Im anbrechenden Wahlkampf versuchen die Sozialdemokraten Einigkeit zu demonstrieren. Doch auf dem Parteitag in Malmö tragen die unterschiedlichen Flügel ihre Kämpfe um die politische Ausrichtung der Regierungspartei aus – zum Leidwesen des Vorstands. Bei den Personalfragen dagegen gab es bislang keine Überraschungen. Ministerpräsident Göran Persson bleibt Vorsitzender der Partei – wohl auch, weil es derzeit an Alternativen mangelt.

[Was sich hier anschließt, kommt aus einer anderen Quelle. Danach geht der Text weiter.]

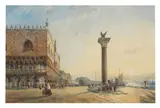 William Wyld, Sunrise over St Mark's Square, Venice, with the Lion of St Mark to the right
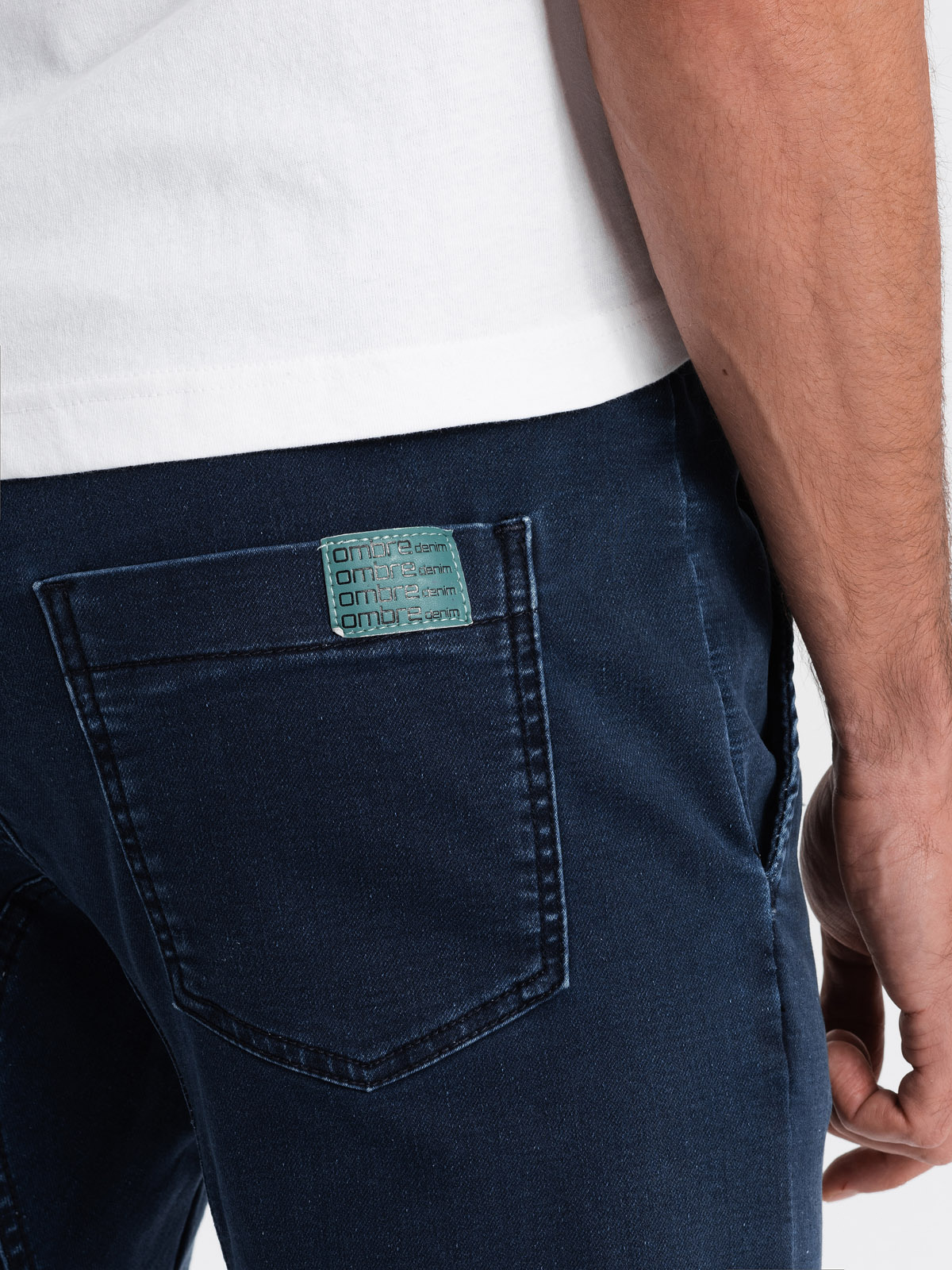 Ombre Men's JOGGERS pants with cargo pocket - navy blue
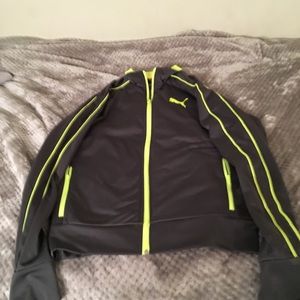 Puma gray w/ fluorescent green medium jacket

In seiner Dankesrede nach der Wiederwahl zum Parteichef liess Persson anklingen, wie schwer sich die Sozialdemokraten derzeit damit tun, ihren politischen Weg zu beschreiten:

„Die Sozialdemokraten zu führen, ist an sich nicht schwer. Man braucht dafür nur viel Erfahrung, Geduld, Kraft und eine Portion Humor.“

Und all das verkörpert seit neun Jahren nur einer: Göran Persson. Ohne Widerspruch verlängerten die Delegierten in Malmö seine Amtszeit um noch einmal vier Jahre. Und Persson selbst verspürt keine Amtsmüdigkeit. Nach seiner Wiederwahl betonte er, dass er sein Mandat voll auszuschöpfen gedenke. Im Vergleich zu anderen europäischen Spitzenpolitikern sei er schliesslich noch jung. Ob Schwedens Sozialdemokraten dies als Hoffnung oder Drohung verstehen sollten, ist nicht ganz klar. Generalsekretärin Marita Ulvskog ist jedenfalls überzeugt, dass ihre Partei mit dem Spitzenkandidaten Persson die Wahl 2006 für sich entscheidet:

„Wir werden das packen. In den Umfragewerten liegen wir heute ungefähr dort, wo wir vor der letzten Wahl auch lagen. Und da haben wir schliesslich gewonnen. Auch diese Wahl werden wir gewinnen, auch wenn das mit viel Arbeit verbunden ist. Zwischen den politischen Blöcken liegen doch einige Unterschiede. Deswegen wird es ein harter Wahlkampf werden. Aber wir werden es schaffen.“

Richtungsstreit beherrscht Debatte 

Bis zum 17. September 2006, dem Wahltag, wollen die Sozialdemokraten ihre internen Meinungsverschiedenheiten beilegen. Keine leichte Aufgabe. Denn der politische Richtungsstreit beherrschte immer wieder die Debatte auf dem Parteitag in Malmö. Der Themenkatalog, über den die Delegierten zu entscheiden hatten, beinhaltete so manches heisse Eisen wie die Zukunft des Wohlfahrtsstaates oder eine Quotierung des Erziehungsurlaubs. Hier waren und sind sich Schwedens Genossen noch längst nicht einig. Da verwundert es nicht, dass die Delegierten bereits zum Auftakt Schulminister Ibrahim Baylan offen düpierten. Seinen Vorschlag, Leistungskontrollen schon von der dritten Schulklasse an durchzuführen, lehnte das Plenum deutlich ab – ein Rückschlag für den gesamten Parteivorstand. Doch gegen die Argumente der Basis kam der Schulminister nicht an. Die Delegierte Kristina Mattisson:

„Die Schule muss diejenigen Schüler unterstützen, die es schwer haben. Mit noch mehr Tests setzen wir die Schüler nur unnötig unter Druck und ignorieren ihre individuelle Entwicklung.“

Auch der Parteigenosse Stefan Jönsson hielt von den Leistungstests in frühen Grundschuljahren wenig:

„Angesichts des gesellschaftlichen Drucks auf junge Menschen sollten wir den schulischen Druck nicht auch noch erhöhen.“

Herausforderung Bildungspolitik 

Doch etwas muss getan werden, um die Leistungen schwedischer Schüler zu verbessern. Einer aktuellen Studie zufolge hängt auch in Schweden der Bildungsgrad immer mehr von der sozialen Herkunft ab - eine Herausforderung nicht nur für die Sozialdemokratie.